# The Alloy of Law



## karriezai (Jan 23, 2012)

I finished The Alloy of Law yesterday and I'm wondering if anyone else here has read it yet. I was already a huge Sanderson fan (I started with Mistborn and I've loved everything he's written), and I was very happy with this new addition to the world of Mistborn.

I love his world building and magic systems. They're always so fascinating. It was crazy cool to see the world of Mistborn 300 years later.


----------



## myrddin173 (Jan 23, 2012)

Sanderson is indeed a great writer, you are aware that all of his adult books are connected right?



karriezai said:


> It was crazy cool to see the world of Mistborn 300 years later.

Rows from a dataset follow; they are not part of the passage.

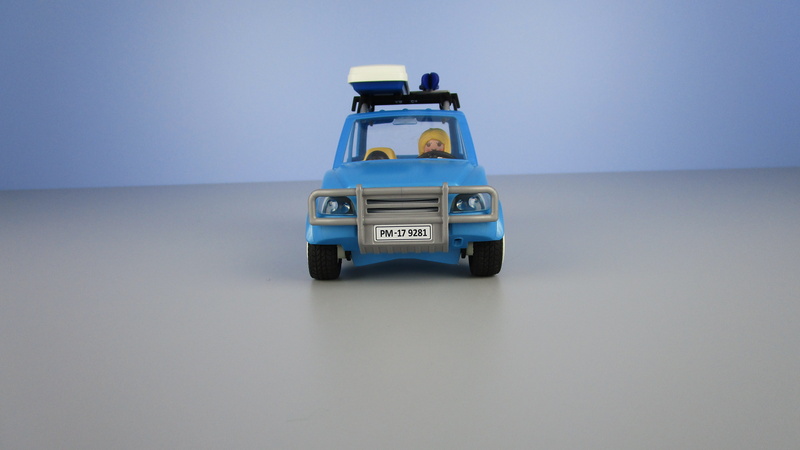 blue, toy car, toy, gray, indoors, copy space, gray background, mode of transportation, transportation, roof box, miniature, front view, blue background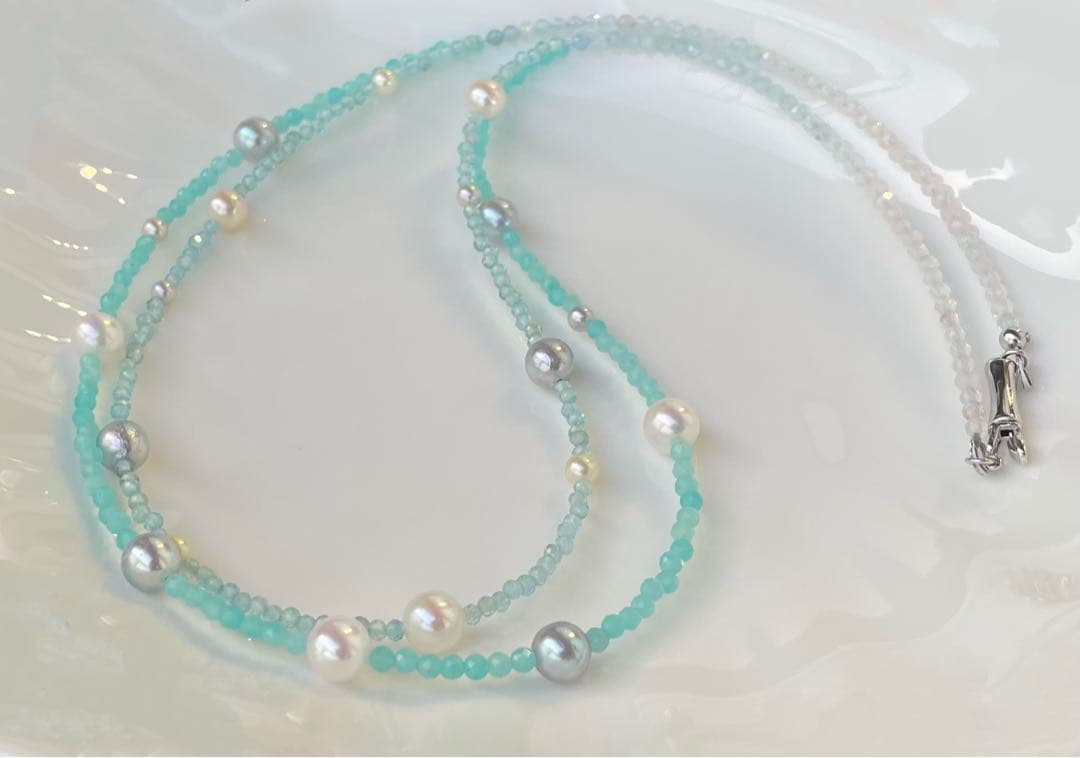 Akoya pearl layered necklace with 19 pearls in sea and sky colors showcasing transparency and unique design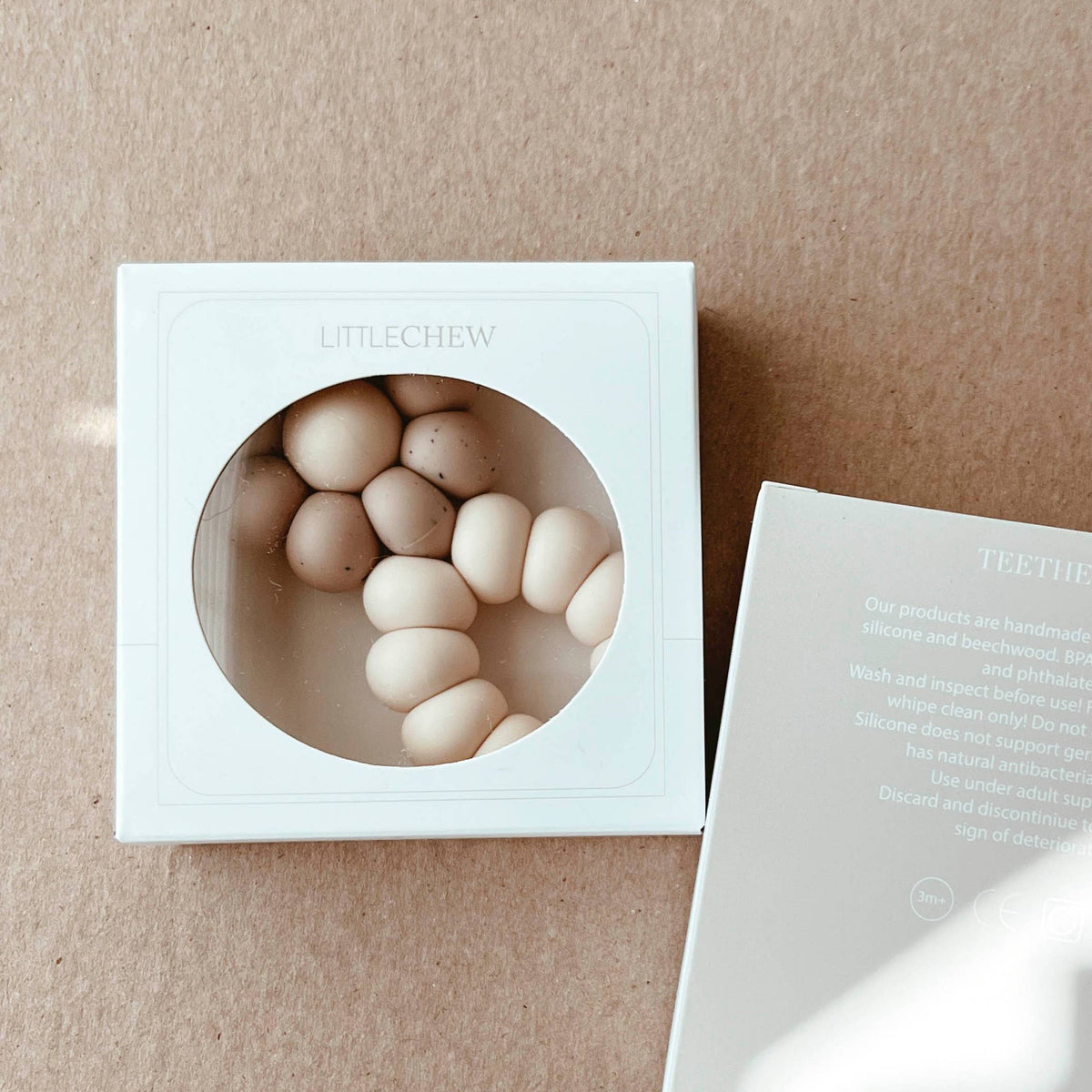 White box with round objects on a beige background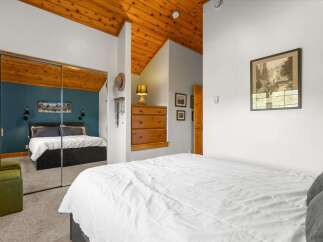 Experience rustic charm in this inviting bedroom featuring a vaulted wood-paneled ceiling and a spacious mirrored closet.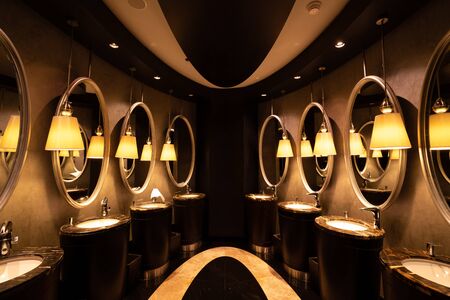 A modern decorated, public restroom with mirrors in a luxury restaurant or hotel.の写真素材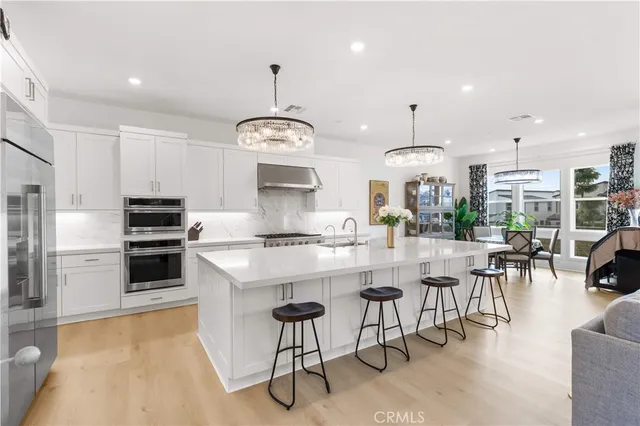 a kitchen with kitchen island granite countertop a stove a oven a dining table and chairs with wooden floor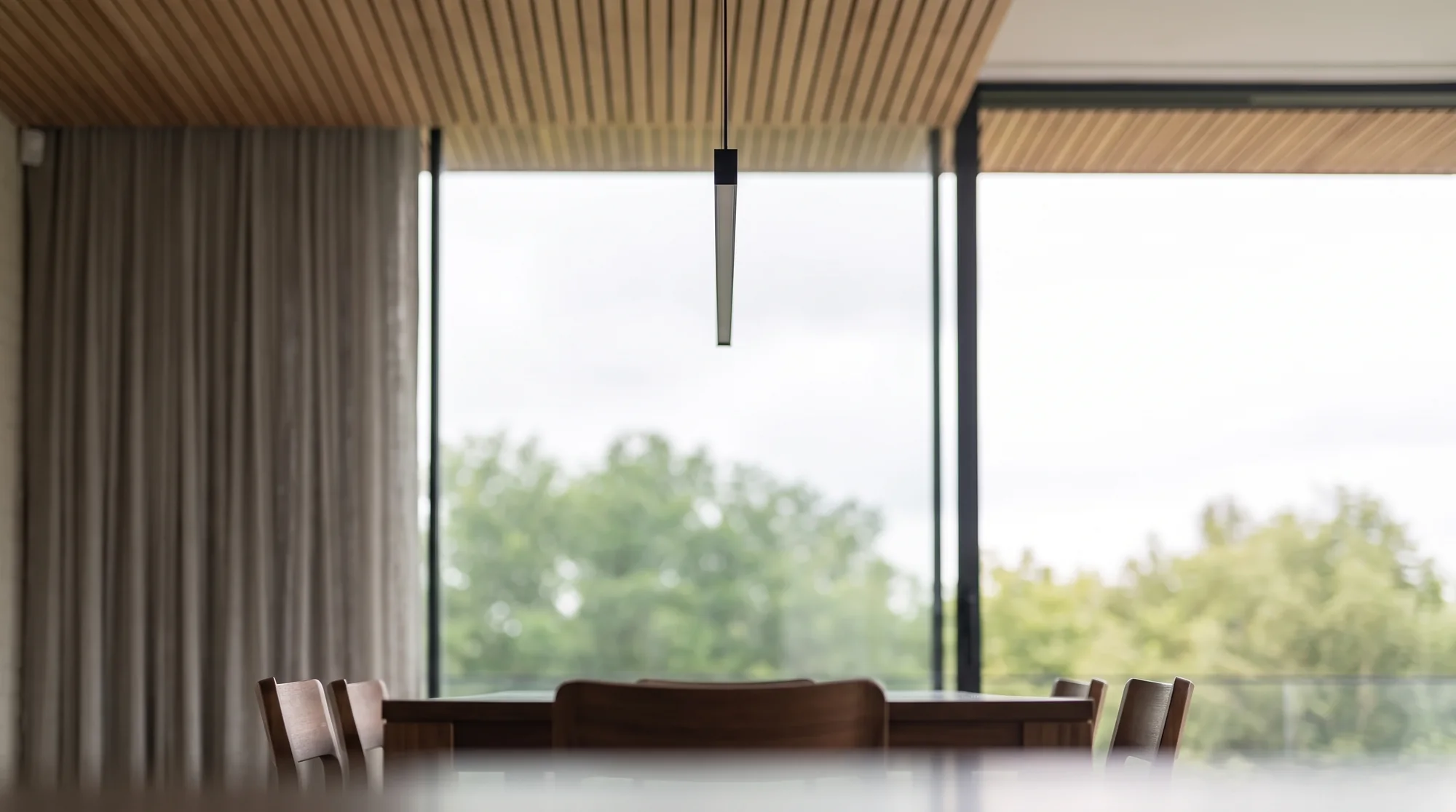 Slim pendant light over the table, linen curtain and treetops through the glass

This was his plan all along (well sort of, Alloy started as a short story during one of his writing breaks that grew into a novel).  Alloy is based on early 1900's New York, a second trilogy during modern times, and a third with FTL technology (Mistborn in Space).


----------



## karriezai (Jan 23, 2012)

Yeah, I do know that. I follow pretty much everything he does -- he's easily my favorite author. I knew it was coming, but if anything that only increases the sense of wonder I get, thinking about how much has gone into his worlds.

I think it's funny that what started as a tangent clearly has the makings of at least a duet, if not a small series... judging by the end of Alloy.


----------